To me, Greece has been a case of very uneven wealth/income distribution even before the EU/Euro. My wife's parents, retired tobacco farmers, had to get by with a pension of about 300 EUR (in Drachma equivalent at the time) while only half-an-hour's drive away in the city of Kavala the living standard could not be differentiated from the living standard in a Central European country and the residential areas, particularly along the beaches near Kavala, surpassed much of what I could see in Austria at the time.
The EU and the Euro have only seemingly narrowed that gap because of all the debt-financed growth. With that growth gone, we are back to an even greater gap than before the EU/Euro (it seems to me).
I keep reading in the Greek media how much more income the government would have if only the upper class of Greece would pay their fair share of taxes.

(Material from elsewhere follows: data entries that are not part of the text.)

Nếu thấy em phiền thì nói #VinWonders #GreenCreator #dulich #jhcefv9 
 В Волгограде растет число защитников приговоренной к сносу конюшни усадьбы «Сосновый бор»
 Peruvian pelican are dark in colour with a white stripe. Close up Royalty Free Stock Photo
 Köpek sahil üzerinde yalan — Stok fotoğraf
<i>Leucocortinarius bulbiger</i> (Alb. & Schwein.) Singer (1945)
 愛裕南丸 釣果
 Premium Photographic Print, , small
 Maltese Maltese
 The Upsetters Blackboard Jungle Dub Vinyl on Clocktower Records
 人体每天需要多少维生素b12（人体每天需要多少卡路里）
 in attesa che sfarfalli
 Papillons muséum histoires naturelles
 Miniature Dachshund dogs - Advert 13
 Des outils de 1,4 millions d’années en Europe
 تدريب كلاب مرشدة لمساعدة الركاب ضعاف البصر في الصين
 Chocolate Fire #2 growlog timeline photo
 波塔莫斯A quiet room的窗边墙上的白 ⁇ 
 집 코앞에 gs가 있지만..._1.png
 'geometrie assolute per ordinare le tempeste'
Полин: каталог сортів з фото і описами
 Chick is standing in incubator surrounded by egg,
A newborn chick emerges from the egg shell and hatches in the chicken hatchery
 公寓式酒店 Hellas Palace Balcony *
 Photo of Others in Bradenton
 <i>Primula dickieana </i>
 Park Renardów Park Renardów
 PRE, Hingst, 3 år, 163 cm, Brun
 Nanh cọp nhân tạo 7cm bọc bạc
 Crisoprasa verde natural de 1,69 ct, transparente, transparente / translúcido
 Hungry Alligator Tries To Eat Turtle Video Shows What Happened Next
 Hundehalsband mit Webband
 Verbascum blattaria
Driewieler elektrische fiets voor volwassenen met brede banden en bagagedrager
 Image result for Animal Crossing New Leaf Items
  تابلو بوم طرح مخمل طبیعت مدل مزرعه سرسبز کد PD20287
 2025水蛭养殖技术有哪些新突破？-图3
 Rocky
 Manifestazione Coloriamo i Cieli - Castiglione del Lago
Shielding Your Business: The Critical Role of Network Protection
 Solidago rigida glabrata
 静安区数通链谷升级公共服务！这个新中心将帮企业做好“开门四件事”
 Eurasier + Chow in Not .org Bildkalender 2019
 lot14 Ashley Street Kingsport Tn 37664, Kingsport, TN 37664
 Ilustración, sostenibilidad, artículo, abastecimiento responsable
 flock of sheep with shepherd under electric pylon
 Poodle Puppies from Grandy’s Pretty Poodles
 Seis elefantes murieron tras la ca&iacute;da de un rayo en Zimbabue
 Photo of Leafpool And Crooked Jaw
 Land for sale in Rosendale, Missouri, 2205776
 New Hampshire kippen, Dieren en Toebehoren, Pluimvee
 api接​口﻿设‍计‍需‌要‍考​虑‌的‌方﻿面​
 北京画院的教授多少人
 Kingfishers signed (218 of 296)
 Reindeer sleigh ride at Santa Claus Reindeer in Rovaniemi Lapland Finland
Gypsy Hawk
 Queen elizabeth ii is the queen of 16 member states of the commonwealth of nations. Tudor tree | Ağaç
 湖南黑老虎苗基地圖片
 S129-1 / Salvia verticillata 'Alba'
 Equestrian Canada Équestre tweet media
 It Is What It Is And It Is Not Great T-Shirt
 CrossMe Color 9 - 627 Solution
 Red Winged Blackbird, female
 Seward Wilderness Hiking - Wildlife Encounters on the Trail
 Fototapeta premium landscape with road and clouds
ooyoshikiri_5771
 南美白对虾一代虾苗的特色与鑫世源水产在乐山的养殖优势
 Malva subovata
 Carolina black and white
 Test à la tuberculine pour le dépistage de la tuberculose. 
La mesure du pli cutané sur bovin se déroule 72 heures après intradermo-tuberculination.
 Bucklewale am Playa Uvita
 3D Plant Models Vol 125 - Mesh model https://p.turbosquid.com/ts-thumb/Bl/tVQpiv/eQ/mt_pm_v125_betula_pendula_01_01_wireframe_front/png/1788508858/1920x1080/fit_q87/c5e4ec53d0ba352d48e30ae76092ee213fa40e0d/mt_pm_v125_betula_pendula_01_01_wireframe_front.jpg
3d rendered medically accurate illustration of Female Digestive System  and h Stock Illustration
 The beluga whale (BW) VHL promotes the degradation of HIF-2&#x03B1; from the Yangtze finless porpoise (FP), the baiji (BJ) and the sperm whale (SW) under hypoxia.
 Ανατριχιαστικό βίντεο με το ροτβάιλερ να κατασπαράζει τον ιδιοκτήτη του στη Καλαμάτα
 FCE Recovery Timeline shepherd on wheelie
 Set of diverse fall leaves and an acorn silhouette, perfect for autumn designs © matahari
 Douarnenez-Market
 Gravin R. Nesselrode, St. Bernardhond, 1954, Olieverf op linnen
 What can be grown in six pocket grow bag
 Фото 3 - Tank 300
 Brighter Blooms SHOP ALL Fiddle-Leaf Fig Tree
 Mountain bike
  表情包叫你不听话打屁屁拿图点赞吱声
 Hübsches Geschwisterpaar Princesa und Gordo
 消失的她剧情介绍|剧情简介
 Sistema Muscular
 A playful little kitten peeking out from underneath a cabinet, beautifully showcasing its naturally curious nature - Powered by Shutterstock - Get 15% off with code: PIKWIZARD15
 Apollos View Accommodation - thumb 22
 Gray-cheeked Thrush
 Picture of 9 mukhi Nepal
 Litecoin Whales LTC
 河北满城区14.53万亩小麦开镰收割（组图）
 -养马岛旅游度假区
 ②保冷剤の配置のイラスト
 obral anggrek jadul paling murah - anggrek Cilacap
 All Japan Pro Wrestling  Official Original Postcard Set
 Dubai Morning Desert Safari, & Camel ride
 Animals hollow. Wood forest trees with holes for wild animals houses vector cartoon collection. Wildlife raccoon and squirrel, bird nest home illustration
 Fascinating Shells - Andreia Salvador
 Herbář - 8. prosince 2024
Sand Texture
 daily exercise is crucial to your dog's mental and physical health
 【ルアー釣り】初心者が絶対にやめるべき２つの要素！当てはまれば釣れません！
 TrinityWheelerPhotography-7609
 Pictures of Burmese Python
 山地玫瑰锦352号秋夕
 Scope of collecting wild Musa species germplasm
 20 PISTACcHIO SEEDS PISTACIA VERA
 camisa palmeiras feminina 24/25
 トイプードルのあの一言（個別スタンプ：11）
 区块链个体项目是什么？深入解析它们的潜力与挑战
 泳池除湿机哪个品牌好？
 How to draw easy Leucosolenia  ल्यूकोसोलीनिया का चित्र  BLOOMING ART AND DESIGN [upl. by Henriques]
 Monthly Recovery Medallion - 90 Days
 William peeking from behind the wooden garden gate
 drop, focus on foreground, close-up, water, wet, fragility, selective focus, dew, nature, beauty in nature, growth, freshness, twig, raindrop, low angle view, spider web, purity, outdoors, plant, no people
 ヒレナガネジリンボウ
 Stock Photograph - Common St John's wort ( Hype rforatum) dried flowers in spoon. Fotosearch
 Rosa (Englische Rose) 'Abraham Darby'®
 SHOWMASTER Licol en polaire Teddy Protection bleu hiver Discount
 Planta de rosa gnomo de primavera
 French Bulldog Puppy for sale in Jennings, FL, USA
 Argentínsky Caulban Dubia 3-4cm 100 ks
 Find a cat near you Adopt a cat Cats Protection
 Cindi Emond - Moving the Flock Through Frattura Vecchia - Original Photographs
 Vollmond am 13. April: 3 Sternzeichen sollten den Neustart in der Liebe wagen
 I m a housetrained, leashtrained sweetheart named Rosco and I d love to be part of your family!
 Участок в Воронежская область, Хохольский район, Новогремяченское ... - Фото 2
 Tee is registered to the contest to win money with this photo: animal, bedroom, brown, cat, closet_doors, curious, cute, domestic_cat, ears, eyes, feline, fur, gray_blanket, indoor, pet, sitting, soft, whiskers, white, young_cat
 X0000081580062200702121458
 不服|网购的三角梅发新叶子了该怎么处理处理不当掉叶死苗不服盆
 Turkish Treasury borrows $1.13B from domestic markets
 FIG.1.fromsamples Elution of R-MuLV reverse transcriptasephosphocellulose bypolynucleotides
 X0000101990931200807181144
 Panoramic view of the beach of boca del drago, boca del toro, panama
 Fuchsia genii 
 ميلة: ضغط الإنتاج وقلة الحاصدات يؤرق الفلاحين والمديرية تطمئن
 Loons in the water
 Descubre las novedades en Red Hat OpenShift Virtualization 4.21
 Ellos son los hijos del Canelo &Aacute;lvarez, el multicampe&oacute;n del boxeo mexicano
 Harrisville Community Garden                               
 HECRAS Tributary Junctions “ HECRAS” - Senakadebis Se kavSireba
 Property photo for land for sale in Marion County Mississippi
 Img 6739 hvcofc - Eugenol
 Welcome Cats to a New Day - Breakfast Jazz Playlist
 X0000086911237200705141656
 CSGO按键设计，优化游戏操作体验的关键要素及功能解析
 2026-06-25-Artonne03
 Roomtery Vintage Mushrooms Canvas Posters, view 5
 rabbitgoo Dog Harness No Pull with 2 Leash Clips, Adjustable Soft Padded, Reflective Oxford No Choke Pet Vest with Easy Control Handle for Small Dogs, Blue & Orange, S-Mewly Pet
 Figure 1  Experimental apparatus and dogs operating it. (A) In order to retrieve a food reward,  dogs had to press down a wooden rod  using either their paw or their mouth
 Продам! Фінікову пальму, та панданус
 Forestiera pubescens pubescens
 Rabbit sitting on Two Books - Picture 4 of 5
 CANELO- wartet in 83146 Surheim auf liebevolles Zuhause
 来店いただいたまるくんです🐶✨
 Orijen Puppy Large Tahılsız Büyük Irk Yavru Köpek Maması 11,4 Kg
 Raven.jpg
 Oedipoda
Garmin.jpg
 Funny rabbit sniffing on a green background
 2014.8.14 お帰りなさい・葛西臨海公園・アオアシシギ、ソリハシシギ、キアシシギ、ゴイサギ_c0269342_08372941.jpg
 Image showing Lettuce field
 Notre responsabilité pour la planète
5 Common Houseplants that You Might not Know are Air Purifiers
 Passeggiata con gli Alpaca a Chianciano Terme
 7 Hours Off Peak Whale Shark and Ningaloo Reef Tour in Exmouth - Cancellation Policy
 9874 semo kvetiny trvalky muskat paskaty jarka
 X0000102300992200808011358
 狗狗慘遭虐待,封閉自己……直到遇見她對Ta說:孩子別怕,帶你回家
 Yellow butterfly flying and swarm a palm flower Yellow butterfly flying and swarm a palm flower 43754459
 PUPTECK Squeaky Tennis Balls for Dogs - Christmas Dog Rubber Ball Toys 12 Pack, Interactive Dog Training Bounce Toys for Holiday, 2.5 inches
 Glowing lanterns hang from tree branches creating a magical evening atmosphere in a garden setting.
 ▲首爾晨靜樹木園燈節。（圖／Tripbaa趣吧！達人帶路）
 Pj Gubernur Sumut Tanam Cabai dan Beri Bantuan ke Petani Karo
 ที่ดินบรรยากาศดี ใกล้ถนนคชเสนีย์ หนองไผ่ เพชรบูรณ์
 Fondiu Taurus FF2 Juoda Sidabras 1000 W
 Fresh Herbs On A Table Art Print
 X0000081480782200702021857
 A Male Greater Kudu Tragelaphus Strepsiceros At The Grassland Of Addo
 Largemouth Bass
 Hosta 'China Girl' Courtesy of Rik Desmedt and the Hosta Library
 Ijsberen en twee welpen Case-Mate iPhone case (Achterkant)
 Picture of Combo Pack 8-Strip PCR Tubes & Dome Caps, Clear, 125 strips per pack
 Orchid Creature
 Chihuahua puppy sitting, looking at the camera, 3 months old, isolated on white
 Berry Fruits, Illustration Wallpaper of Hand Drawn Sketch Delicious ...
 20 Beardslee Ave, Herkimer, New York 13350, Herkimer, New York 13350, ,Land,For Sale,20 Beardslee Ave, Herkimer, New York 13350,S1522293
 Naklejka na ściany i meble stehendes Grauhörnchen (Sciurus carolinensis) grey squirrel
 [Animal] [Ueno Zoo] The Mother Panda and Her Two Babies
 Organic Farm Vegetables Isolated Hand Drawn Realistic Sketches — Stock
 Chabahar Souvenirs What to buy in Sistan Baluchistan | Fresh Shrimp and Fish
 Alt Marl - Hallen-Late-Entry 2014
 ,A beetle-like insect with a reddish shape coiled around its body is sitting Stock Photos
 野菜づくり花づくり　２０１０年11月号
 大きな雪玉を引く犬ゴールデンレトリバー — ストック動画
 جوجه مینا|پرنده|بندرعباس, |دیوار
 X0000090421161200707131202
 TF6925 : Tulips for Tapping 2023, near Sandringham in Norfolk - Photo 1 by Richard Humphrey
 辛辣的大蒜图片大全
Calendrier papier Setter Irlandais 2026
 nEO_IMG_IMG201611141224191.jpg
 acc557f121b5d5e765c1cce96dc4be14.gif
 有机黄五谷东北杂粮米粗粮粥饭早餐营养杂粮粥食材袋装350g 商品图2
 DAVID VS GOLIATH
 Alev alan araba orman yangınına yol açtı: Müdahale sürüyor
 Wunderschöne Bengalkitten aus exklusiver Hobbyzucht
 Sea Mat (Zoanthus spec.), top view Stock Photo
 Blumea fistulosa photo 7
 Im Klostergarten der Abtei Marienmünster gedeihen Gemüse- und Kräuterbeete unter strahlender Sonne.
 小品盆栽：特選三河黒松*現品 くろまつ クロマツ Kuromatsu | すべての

Some of these estimates even suggest that Greece would not have a budget deficit in that case.
So the question asked in this article is valid: how could, in a member country of the EU, there be a situation where the upper class takes such brutal advantage of the others? The issue, to me, is not Greece in toto. Greece has undoubtedly as many hard-working/clean-living people as any other EU-country; possibly even more. Mind you that those are generally people who cannot even cheat on income taxes because they are taxed at the source.
What Greece seems to have more of relative to other EU-countries is an upper class which has no qualms whatsoever to take the rest of the country on a ride. How that can still happen in an EU-country is indeed a very good question!